Większość amerykańskich senatorów domaga się zwiększenia pomocy wojskowej dla Izraela. W poniedziałek podpisali oni list do prezydenta Baracka Obamy, w którym apelują o przeznaczenie na ten cel większych środków niż obecne 3 miliardy dolarów rocznie.
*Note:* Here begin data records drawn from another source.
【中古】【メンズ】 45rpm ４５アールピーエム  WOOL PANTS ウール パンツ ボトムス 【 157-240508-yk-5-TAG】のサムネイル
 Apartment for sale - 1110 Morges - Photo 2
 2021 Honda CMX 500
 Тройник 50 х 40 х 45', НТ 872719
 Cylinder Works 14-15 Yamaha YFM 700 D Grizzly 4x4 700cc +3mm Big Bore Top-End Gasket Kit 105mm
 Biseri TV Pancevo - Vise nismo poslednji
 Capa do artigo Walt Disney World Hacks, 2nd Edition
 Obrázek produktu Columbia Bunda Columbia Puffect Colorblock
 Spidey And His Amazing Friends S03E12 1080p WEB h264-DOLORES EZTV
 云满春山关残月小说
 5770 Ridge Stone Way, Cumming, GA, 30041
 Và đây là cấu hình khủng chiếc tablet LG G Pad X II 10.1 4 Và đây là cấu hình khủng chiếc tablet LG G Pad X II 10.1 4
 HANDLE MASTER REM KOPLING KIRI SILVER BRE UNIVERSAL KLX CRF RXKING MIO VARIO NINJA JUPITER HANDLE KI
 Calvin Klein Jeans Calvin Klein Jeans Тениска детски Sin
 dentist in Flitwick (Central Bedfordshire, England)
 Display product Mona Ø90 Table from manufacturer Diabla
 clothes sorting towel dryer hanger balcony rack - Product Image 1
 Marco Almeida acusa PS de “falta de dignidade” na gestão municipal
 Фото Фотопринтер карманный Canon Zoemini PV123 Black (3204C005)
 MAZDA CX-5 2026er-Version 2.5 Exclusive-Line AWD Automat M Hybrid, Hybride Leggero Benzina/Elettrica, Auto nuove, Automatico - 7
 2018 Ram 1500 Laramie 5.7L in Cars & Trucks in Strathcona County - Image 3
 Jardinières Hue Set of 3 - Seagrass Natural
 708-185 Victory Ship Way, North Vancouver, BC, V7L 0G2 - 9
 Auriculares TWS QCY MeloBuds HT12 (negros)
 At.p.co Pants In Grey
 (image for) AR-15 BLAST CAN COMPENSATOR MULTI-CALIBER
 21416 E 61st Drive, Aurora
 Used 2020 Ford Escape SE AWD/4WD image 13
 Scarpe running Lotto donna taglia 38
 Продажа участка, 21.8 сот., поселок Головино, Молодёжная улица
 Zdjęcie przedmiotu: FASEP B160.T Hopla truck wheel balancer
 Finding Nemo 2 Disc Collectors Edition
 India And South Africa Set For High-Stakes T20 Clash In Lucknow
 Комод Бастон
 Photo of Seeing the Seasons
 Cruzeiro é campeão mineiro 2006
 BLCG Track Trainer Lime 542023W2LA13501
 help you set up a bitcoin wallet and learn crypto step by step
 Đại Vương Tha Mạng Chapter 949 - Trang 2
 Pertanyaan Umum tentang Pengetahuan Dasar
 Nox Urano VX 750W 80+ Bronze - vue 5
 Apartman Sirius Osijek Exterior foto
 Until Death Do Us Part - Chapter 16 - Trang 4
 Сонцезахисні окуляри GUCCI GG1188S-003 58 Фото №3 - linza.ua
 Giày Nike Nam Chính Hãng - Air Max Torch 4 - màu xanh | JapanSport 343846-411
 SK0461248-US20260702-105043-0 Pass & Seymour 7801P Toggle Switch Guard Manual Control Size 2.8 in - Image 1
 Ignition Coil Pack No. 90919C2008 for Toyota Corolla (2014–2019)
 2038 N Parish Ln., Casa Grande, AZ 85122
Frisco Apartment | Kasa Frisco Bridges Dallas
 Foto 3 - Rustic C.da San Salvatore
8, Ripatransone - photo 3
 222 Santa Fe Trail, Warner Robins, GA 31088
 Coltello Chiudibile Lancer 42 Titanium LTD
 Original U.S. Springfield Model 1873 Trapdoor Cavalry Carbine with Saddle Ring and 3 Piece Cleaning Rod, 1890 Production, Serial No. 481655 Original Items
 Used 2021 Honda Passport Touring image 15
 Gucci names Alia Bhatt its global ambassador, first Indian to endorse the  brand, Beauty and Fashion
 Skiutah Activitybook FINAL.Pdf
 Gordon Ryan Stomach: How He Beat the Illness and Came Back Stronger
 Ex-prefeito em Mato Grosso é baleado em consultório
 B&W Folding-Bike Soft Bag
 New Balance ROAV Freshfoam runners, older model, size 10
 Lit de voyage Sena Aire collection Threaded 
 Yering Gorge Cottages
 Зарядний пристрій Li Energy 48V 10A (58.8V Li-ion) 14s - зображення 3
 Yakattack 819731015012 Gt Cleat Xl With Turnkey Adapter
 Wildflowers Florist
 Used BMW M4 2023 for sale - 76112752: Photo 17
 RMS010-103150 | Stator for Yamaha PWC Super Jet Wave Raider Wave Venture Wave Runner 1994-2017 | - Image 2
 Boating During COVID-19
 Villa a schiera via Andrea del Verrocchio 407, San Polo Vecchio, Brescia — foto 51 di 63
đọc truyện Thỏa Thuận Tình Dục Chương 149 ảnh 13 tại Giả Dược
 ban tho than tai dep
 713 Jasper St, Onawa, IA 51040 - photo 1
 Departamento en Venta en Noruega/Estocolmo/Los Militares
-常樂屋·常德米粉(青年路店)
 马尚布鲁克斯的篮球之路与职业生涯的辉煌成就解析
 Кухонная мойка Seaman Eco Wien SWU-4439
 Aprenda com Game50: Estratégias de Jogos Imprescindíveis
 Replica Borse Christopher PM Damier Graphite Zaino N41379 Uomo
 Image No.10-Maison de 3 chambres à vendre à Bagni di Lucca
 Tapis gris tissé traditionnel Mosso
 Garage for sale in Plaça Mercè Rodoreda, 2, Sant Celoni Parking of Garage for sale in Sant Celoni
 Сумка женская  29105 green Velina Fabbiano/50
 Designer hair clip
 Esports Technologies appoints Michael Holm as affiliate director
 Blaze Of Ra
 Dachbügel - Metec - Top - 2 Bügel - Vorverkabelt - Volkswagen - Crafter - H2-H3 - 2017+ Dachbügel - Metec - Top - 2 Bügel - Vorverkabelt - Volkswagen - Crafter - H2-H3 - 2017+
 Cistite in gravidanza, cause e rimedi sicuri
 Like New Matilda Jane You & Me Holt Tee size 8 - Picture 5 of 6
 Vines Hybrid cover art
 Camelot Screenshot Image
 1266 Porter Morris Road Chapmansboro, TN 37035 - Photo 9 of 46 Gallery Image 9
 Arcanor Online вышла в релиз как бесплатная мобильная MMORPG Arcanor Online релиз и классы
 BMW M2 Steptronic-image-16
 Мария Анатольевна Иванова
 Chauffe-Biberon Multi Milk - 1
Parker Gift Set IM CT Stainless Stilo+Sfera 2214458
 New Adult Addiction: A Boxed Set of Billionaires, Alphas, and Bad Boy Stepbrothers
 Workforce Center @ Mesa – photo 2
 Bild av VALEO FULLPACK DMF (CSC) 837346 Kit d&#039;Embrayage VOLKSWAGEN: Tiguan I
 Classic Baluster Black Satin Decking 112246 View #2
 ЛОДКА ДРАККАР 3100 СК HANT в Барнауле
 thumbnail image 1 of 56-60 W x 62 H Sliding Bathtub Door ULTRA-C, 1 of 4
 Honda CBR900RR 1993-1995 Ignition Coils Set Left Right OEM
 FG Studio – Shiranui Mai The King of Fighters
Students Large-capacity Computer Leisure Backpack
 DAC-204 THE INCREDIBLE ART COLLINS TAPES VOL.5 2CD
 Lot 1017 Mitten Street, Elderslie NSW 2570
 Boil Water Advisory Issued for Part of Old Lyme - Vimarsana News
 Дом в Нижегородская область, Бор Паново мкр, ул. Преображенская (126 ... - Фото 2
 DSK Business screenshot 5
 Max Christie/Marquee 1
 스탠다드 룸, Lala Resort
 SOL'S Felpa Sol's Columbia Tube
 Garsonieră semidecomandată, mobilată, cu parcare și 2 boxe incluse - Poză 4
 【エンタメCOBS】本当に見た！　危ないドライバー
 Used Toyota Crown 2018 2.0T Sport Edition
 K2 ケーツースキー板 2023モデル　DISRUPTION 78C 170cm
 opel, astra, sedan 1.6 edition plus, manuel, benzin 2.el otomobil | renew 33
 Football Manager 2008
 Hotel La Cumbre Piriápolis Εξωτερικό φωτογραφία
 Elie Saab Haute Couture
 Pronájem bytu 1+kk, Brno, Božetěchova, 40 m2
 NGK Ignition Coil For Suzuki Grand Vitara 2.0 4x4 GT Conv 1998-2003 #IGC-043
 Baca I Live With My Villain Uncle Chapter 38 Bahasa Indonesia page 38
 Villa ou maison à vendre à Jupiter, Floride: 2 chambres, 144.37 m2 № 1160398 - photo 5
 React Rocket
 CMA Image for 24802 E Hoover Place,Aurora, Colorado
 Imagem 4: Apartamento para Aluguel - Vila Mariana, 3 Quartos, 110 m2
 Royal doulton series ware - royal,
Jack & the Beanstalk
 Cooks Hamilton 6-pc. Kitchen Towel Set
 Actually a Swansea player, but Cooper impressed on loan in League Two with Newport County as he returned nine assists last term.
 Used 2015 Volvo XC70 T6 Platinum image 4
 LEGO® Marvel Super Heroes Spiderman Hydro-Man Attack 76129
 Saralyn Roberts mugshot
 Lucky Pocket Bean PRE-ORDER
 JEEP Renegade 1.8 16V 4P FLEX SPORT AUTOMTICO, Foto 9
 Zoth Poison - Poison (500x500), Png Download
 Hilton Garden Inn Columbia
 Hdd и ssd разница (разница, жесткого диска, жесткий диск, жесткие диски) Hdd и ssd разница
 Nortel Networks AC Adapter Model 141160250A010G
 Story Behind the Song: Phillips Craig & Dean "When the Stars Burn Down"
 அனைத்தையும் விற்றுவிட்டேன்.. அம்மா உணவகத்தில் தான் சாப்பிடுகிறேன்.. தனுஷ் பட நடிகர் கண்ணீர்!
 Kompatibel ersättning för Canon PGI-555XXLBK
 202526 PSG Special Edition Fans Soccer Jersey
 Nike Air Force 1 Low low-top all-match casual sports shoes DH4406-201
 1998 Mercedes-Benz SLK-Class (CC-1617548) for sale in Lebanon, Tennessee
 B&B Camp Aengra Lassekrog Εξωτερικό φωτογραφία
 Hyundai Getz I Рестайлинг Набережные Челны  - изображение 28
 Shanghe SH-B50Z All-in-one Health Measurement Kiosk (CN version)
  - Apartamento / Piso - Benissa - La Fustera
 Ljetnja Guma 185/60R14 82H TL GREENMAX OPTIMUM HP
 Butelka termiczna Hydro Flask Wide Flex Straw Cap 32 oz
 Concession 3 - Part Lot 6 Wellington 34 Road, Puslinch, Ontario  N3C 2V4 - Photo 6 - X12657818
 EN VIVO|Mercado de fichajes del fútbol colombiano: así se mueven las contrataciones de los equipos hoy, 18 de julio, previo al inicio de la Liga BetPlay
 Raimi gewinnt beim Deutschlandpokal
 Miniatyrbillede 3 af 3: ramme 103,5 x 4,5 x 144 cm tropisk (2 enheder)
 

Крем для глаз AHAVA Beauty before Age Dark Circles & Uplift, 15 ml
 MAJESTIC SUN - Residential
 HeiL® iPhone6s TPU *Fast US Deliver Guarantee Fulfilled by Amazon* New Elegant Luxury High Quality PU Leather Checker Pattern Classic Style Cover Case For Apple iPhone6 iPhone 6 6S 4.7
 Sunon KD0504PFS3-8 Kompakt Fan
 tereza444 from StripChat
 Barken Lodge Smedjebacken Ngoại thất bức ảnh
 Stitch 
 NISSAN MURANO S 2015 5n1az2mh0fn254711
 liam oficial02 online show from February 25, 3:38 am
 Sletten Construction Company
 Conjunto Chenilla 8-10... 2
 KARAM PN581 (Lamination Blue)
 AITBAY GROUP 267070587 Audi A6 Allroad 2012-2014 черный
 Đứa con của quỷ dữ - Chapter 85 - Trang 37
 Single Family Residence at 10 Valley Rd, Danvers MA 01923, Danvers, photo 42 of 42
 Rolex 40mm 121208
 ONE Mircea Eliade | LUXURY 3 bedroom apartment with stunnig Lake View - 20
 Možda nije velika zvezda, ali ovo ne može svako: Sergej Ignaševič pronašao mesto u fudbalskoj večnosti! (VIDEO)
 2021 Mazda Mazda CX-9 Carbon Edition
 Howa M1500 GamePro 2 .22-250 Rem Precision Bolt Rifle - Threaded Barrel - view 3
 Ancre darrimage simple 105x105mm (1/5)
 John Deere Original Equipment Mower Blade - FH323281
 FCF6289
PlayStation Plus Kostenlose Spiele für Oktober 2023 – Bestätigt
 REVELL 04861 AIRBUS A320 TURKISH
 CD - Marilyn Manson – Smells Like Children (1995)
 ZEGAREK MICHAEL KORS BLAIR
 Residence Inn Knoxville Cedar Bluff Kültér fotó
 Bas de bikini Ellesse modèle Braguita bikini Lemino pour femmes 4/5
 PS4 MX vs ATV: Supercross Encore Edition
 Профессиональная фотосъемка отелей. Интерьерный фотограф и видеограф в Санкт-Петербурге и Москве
Większość amerykańskich senatorów domaga się zwiększenia pomocy wojskowej dla Izraela. W poniedziałek podpisali oni list do prezydenta Baracka Obamy, w którym apelują o przeznaczenie na ten cel większych środków niż obecne 3 miliardy dolarów rocznie.
Izraelskie czołgi podczas ćwiczeń / Zdj. ilustracyjne /JIM HOLLANDER /PAP/EPA

Inicjatywie przewodzą Republikanin Lindsey Graham i Demokrata Chris Coons. Pod listem podpisało się 83 spośród 100 senatorów. 

Zważywszy na dramatycznie rosnące wyzwania w zakresie obronności, przed jakimi stoi Izrael, gotowi jesteśmy poprzeć znacząco wzmocnione nowe porozumienie długoterminowe, aby można było dostarczać Izraelowi środków, których potrzebuje, by móc się bronić i zachować jakościową przewagę swej armii - głosi list senatorów.

Nie napisali oni jednak, o ile należałoby ich zdaniem zwiększyć środki przeznaczane na obronę Izraela. Jak podaje Reuters Tel Awiw liczy na finansowanie rzędu 4-4,5 miliardów dol. Amerykańskie źródła podają, że rozważana jest raczej pomoc wartości 3,7 miliardów.